I was working steady so we had been able to outfit the kitchen with a brand new electric range. It was a nice one and no longer were we relegated to heating water on a little plug in electric burner. Now we could use the stovetop and heat it in a fraction of the time (the wood stove would have just run us all out of there). Showers were a little better too. I picked up a camp solar shower. On the ceiling of the bathroom, I mounted a contraption that hinged down and would hold the water bag of the shower with a little spot to attach the spigot. You filled it with warm water, closed it up and had the immense luxury of a full three gallons to shower with. It was absolutely heavenly.

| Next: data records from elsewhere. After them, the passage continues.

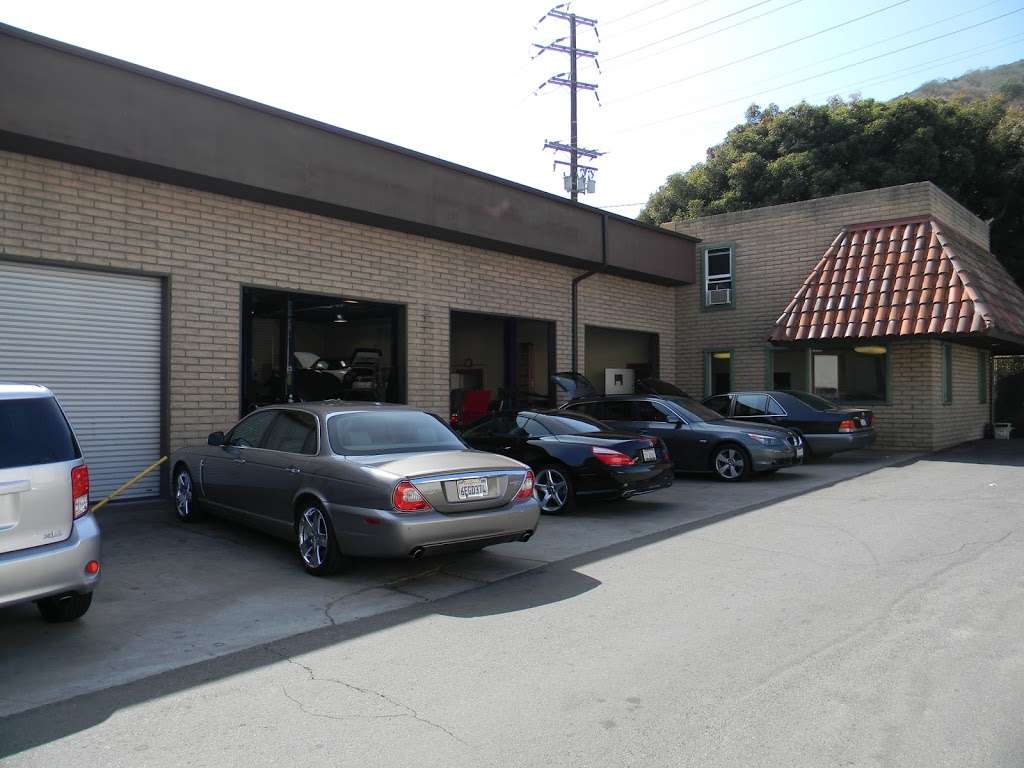 Barnhoorn Automotive | 1825 Laguna Canyon Rd, Laguna Beach, CA 92651 | Phone: (949) 497-3637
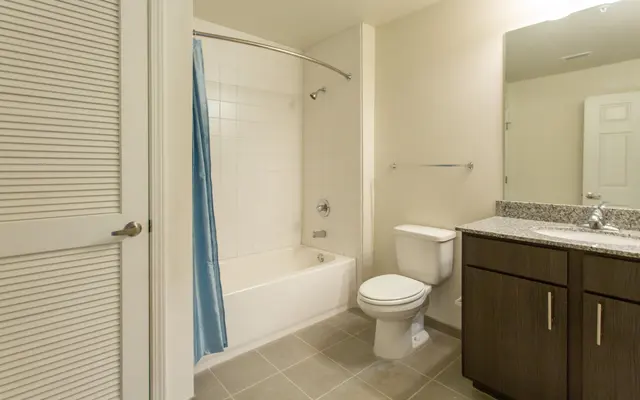 Casañas Village Apartments - Bathroom, Room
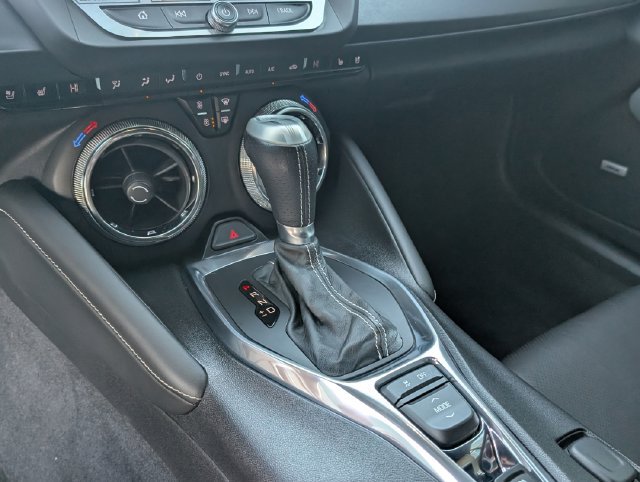 Used 2016 Chevrolet Camaro SS RWD image 17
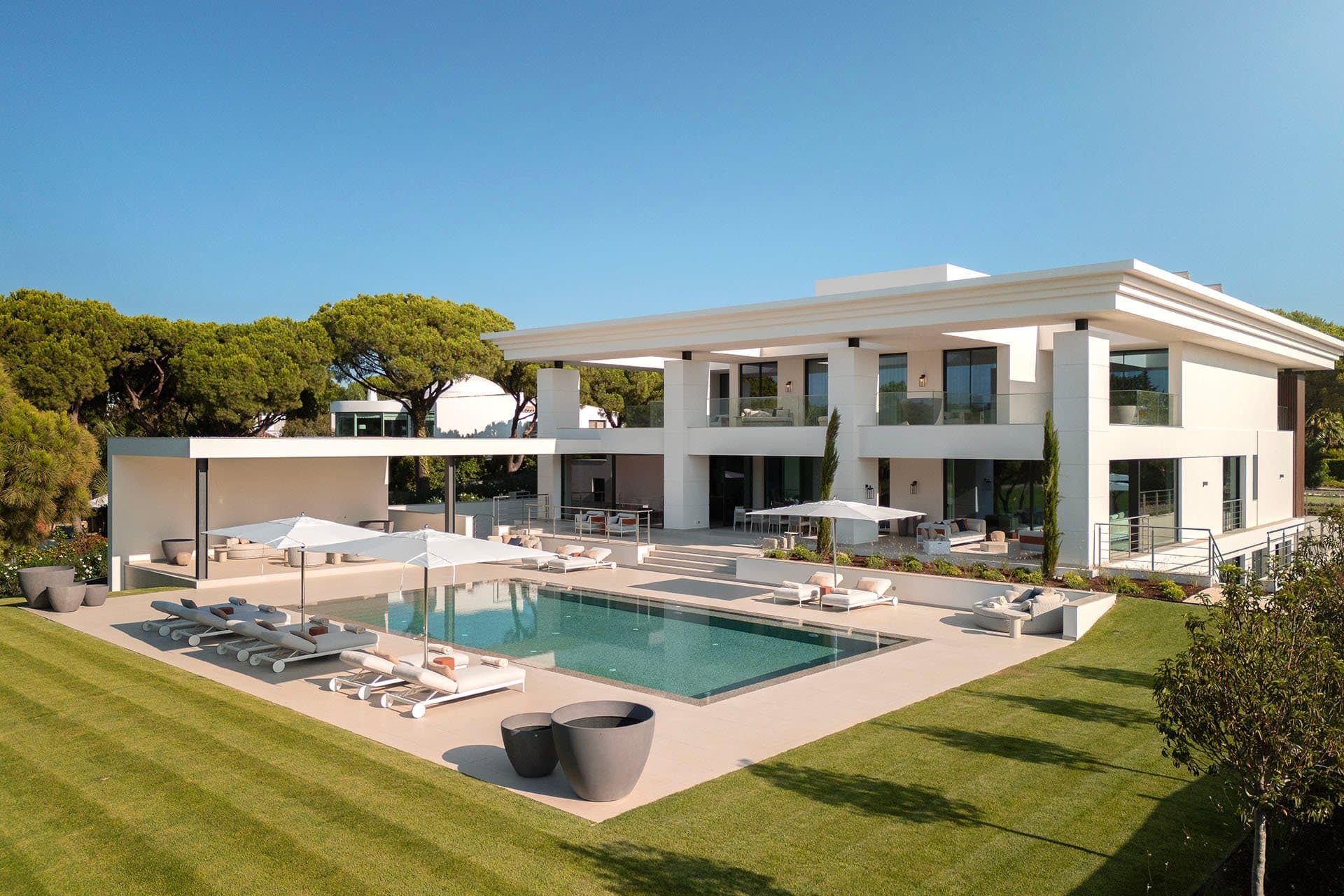 Visionary Villa with Rooftop Terrace and Private Cinema in Quinta do Lago 5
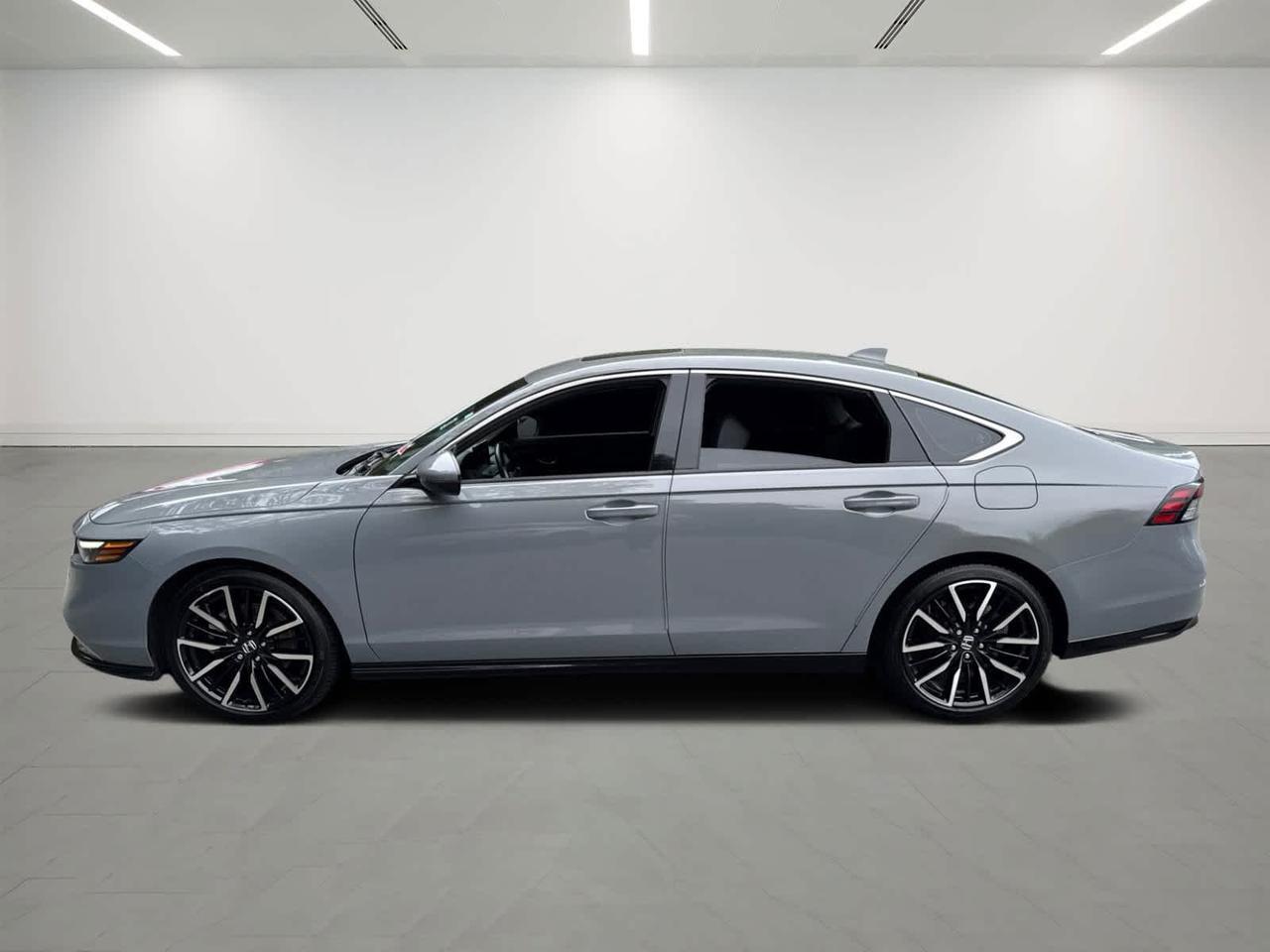 2023 Honda Accord Hybrid Touring Dartmouth MA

The other area of concern was the driveway. We had been solidly snowed in quite often because of the slope of it and it simply had to be built up. I borrowed my Dad’s skid-loader and made about a hundred trips up and down the hill to the creek bringing gravel up to fill in. I also carried about thirty boulders to border it. Many trips up the hill were made on the front two tires and pushing the bucket full of a massive chunk of rock. Along with the drive I brought up a bunch of large flat rocks to use as pavers on a sidewalk, a vast improvement over the wood chip mulch sidewalk we had been using.

All this was an improvement but it was still a tough way to go. One thing I discovered was that living in an unfinished and tiny little place without many of the comforts a woman is accustomed to has a way of short circuiting the nesting instinct. My wife was not very happy with the relatively impoverished surroundings.

Her cousin offered to let her come down to Tulsa for a while and learn the ropes as a recruiter for trucking companies. It seemed a pretty good idea and would clear the place out so I could do some of the messier and more kid unfriendly stuff so I encouraged her to go. Soon, she packed the kids away in her car, loaded the luggage and I kissed them all goodbye. It began one of the most incredibly lost couple months I can recall.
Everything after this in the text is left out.